CLDR ExemplarCharacters Data for Identity Management Data Validation Rules

From: Thierry Moreau (thierry.moreau@connotech.com)
Date: Thu May 07 2009 - 15:08:22 CDT

Next message: Doug Ewell: "Re: Rendering of Candrabindhu & Visarga Dual Combination in Indic Scripts"

Previous message: Vinodh Rajan: "Re: Rendering of Candrabindhu & Visarga Dual Combination in Indic Scripts"
Next in thread: Thierry Moreau: "Re: CLDR ExemplarCharacters Data for Identity Management Data Validation Rules"
Reply: Thierry Moreau: "Re: CLDR ExemplarCharacters Data for Identity Management Data Validation Rules"
Messages sorted by: [ date ] [ thread ] [ subject ] [ author ] [ attachment ]
Mail actions: [ respond to this message ] [ mail a new topic ]
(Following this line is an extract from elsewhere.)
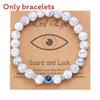 Fashion Frosted Bead Bracelet With Blue Eyed Design For Unisex Gift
This post is a general question about the design of validation logic for
an identity management application.

This is somehow related to IDN validity rules, but with slightly
different application requirements.

In UTR#36 (Unicode Security Considerations) Annex G (Language-Based
Security) was published a few days after CLDDR version 1.4 was released,
in 2006-07. The text of this annex recommends the use of Unicode scripts
as a basis for name validation rules, and recommends writing systems
instead of languages as a refined strategy.

In the meantime, the CLDR project moved to version 1.6 (and 1.6.1) and
improved "data on language and script usage" (presumably this covers
exemplarCharacters).

The main question is whether UTR#36 / Annex G advice *against* using
CLDR data for validation rules (e.g. for security-aware applications
e.g. where identity spoofing is a threat) has been revisited by someone.

So far, my investigations along these lines indicate that it should be
feasible to combine Unicode script information and CLDR
exemplarCharacters data with a lot of adjustments (e.g. to remove
historic or phonetic scripts) to come up with language-specific rules
for what is an acceptable identity in a given language (actually the
rules may apply to personal identification data elements such as place
of birth). Obviously, such validation applies to normalized strings.

Any comment or suggestion?

Thanks in advance.

-- 
- Thierry Moreau
CONNOTECH Experts-conseils inc.
9130 Place de Montgolfier
Montreal, Qc
Canada   H2M 2A1
Tel.: (514)385-5691
Fax:  (514)385-5900
web site: http://www.connotech.com
e-mail: thierry.moreau@connotech.com

Next message: Doug Ewell: "Re: Rendering of Candrabindhu & Visarga Dual Combination in Indic Scripts"
Previous message: Vinodh Rajan: "Re: Rendering of Candrabindhu & Visarga Dual Combination in Indic Scripts"
Next in thread: Thierry Moreau: "Re: CLDR ExemplarCharacters Data for Identity Management Data Validation Rules"
Reply: Thierry Moreau: "Re: CLDR ExemplarCharacters Data for Identity Management Data Validation Rules"
Messages sorted by: [ date ] [ thread ] [ subject ] [ author ] [ attachment ]
Mail actions: [ respond to this message ] [ mail a new topic ]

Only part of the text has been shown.